1
votes

I have been given a series of folders with large amounts of Word documents in .xml formatting. They each contain some VBA code, but the code on all of them has already been run, so I don't need to keep this.

I need to print all of the files in each folder, but due to constraints on XML files on the network, I can't simply mass-print them from Windows Explorer, so I need to convert them to .docx (or .doc) first.

How can I go about doing this? I tried a simple python script using python-docx:

import os
from docx import Document
folderPath=<folderpath>
fileNamesList=os.listdir(folderPath)
for xmlFileName in fileNamesList:
    currentDoc=Document(os.path.join(folderPath,xmlFileName))
    docxFileName=xmlFileName.replace('.xml','.docx')
    currentDoc.save(os.path.join(folderPath,docxFileName))
    currentDoc.close()

This gives:

docx.opc.exceptions.PackageNotFoundError: Package not found at <first file name>.xml

I'm guessing this is because python-docx isn't meant to open .xml files, but that's a pretty uneducated guess. Searching around for this error, all I can find are problems with it not being installed properly (which it is, as far as I can tell) or using .doc files instead of .docx.

Am I simply using python-docx incorrectly? If not, is there are more suitable package or technique I should be using?

1
When the file is not a valid or an empty docx file, that kind of exception is thrownLudisposed

1 Answers

1
votes

It's not clear just what sort of files those .xml files are, but I suspect they are a transitional format used I think in Word 2003, which was XML-based, but not the Open Packaging Convention (OPC) format used in Word documents since Word 2007.

python-docx is not going to read those, now or ever, so you'll either need to convert them to .docx format or parse the XML directly.

If I had Windows available, I suppose I would use VBA to write a short conversion script and then work with the .docx files using python-pptx.
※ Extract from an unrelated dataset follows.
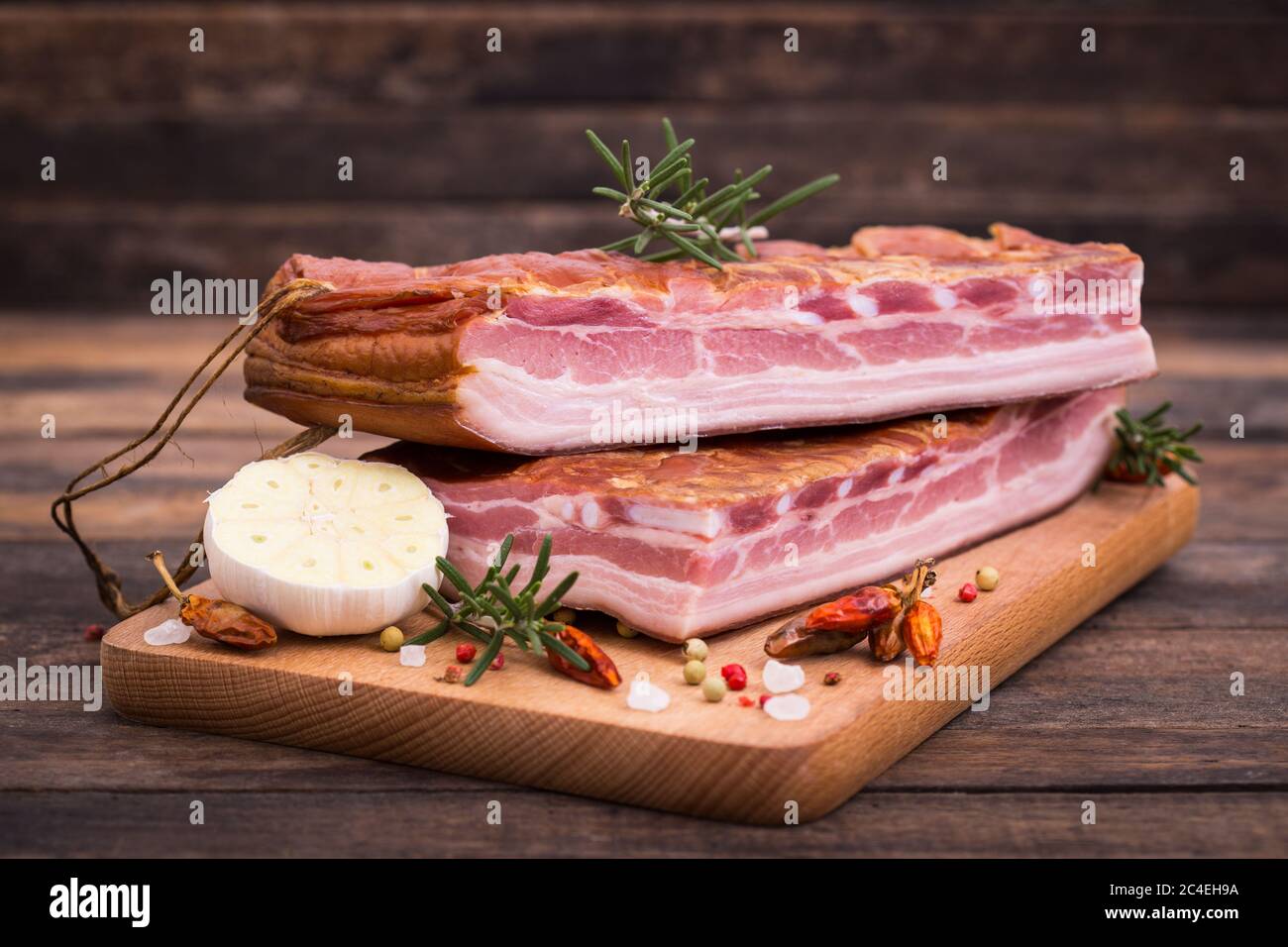Homemade smoked bacon on wooden board Stock Photo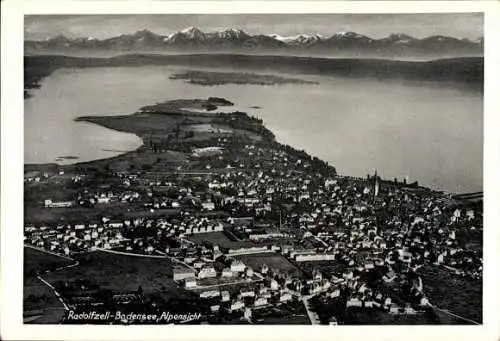 Ak Radolfzell am Bodensee, Luftaufnahme von Radolfzell, Bodensee, Alpen im Hintergrund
I would start by seeing if Word could load the .xml file and go from there.

You might be able to find a utility to do a bulk conversion, but I didn't find any on a quick search.

If all you're interested in is a one-time print, and Word will load the files, then a VBA script for that without the conversion step might be a good option. python-docx doesn't print .docx files, only read and write them.